● Exercise objective
After locating the line that holds "ZASILAJĄCY Qoltec QOLTEC", copy that line and all that follow it word for word through the end of the data, with no pictures.
--*--
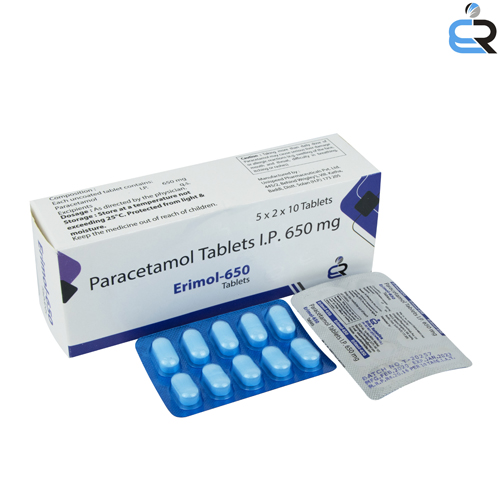 Erimol-650 Tablets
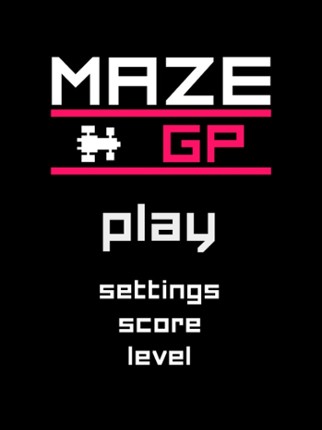 ZX Maze GP - Z80 Classic screenshot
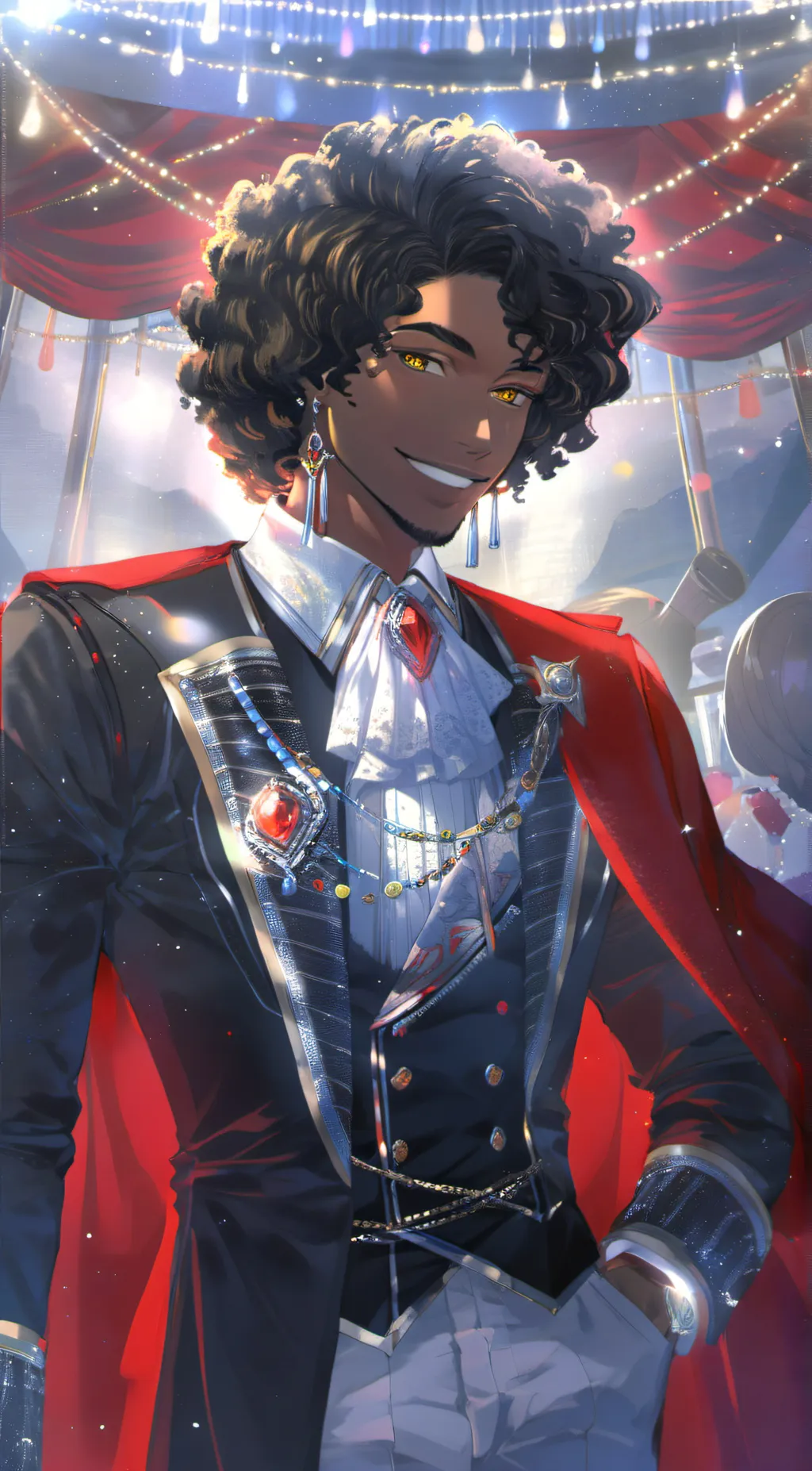 ai character: Jacob background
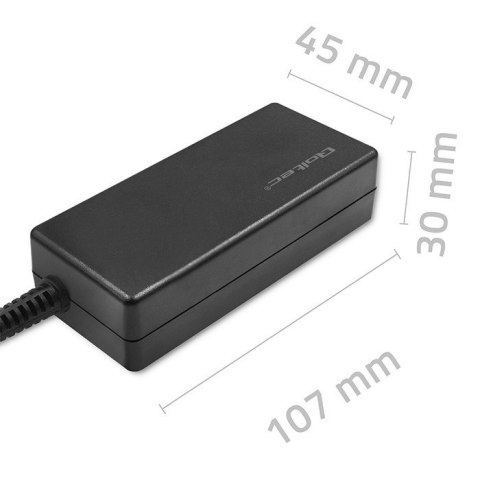 Qoltec QOLTEC ZASILACZ DO MONITORA LG 25W | 19V | 1.3A | 6.5*4.4 |+KABEL ZASILAJĄCY Qoltec QOLTEC ZASILACZ DO MONITORA LG 25W | 19V | 1.3A | 6.5*4.4 |+KABEL ZASILAJĄCY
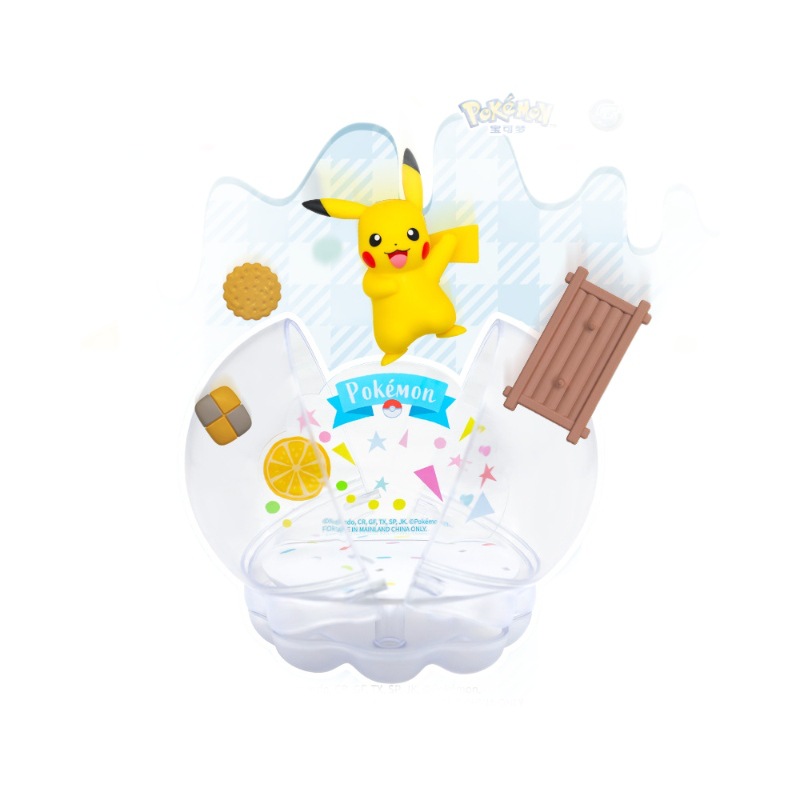 Pokemon - Pokémon Dessert Theme Scene Set Series by Shifeng Culture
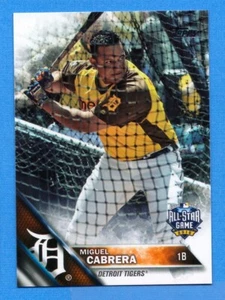 2016 Topps Update #US290 Miguel Cabrera All-Star Tigers - Picture 1 of 1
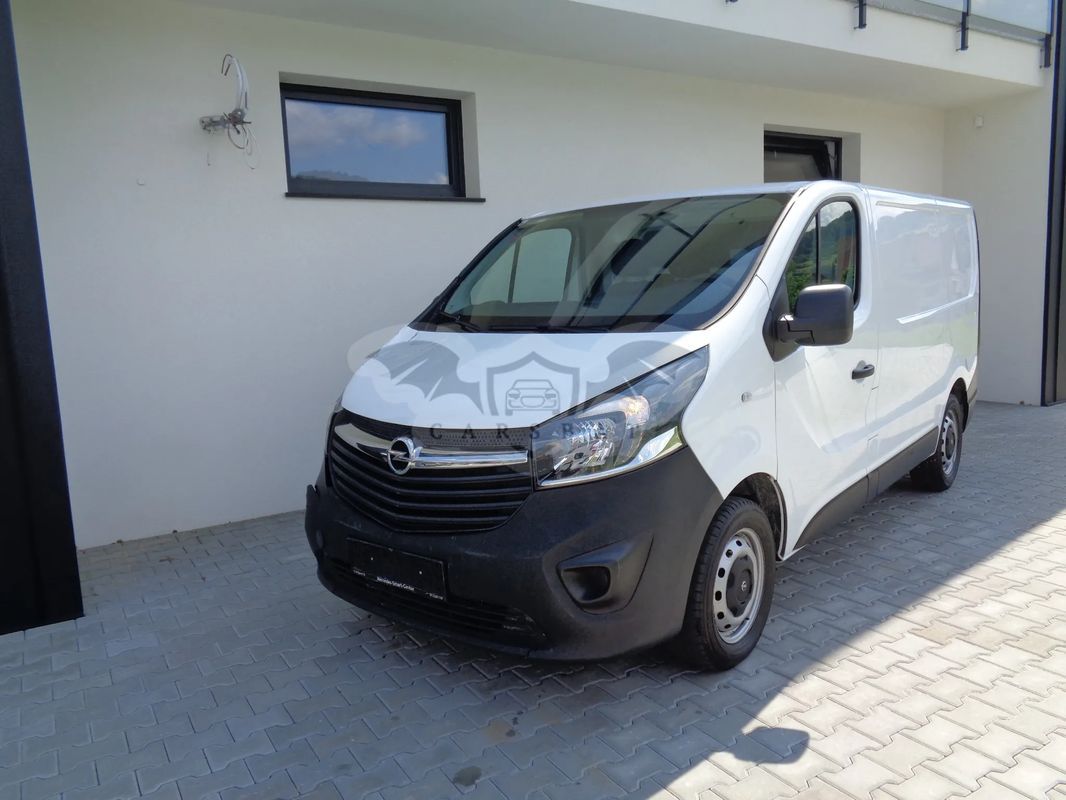 Opel Vivaro 2018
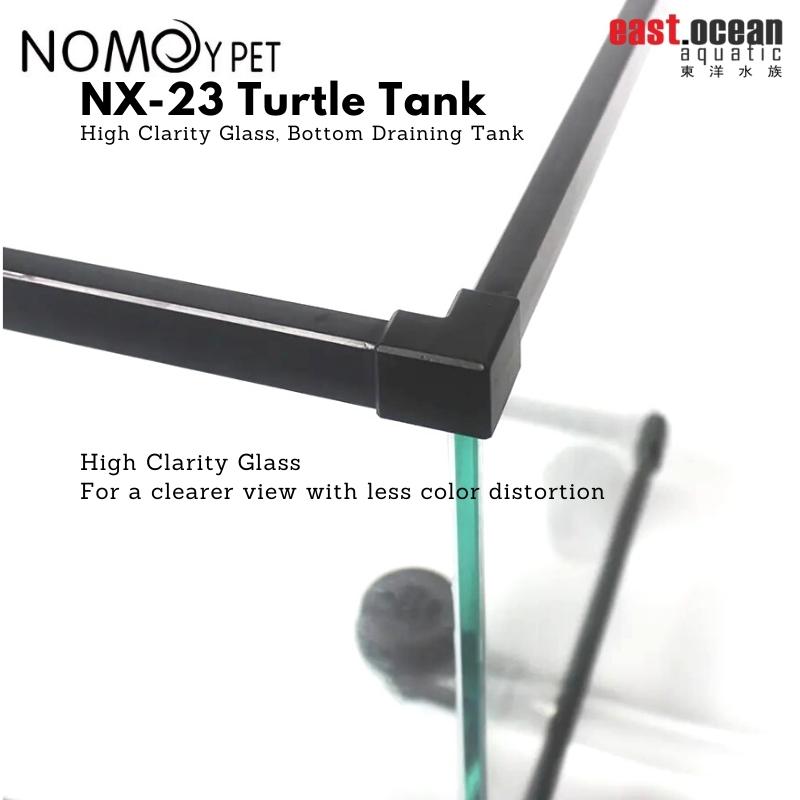 NOMOYPET NX-23 Turtle Tank (45/60cm)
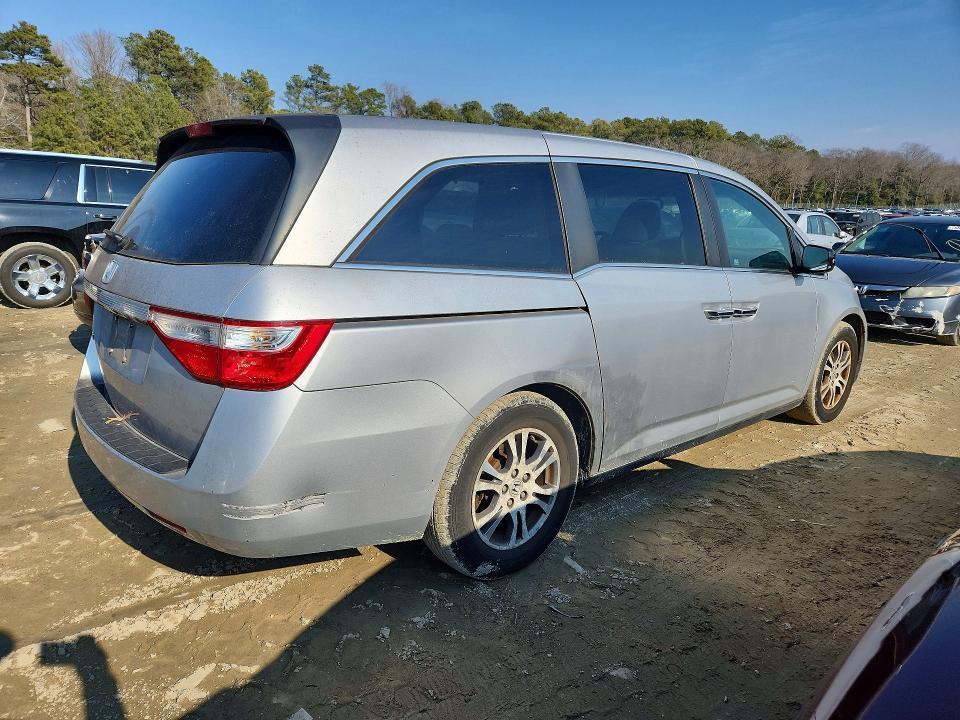 2012 Honda Odyssey exl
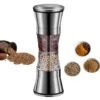 Salt And Pepper Grinder Set,2 In 1 Salt And Pepper Shakers,Stainless Steel Shakers With Adjustable Coarse Mills,Pepper Shaker Spice Grinder Kitchen Chef Gift -KitchenAid Shop 41JPzBsuLlL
--*--
● Result of the task
 Qoltec QOLTEC ZASILACZ DO MONITORA LG 25W | 19V | 1.3A | 6.5*4.4 |+KABEL ZASILAJĄCY Qoltec QOLTEC ZASILACZ DO MONITORA LG 25W | 19V | 1.3A | 6.5*4.4 |+KABEL ZASILAJĄCY
 Pokemon - Pokémon Dessert Theme Scene Set Series by Shifeng Culture
 2016 Topps Update #US290 Miguel Cabrera All-Star Tigers - Picture 1 of 1
 Opel Vivaro 2018
 NOMOYPET NX-23 Turtle Tank (45/60cm)
 2012 Honda Odyssey exl
 Salt And Pepper Grinder Set,2 In 1 Salt And Pepper Shakers,Stainless Steel Shakers With Adjustable Coarse Mills,Pepper Shaker Spice Grinder Kitchen Chef Gift -KitchenAid Shop 41JPzBsuLlL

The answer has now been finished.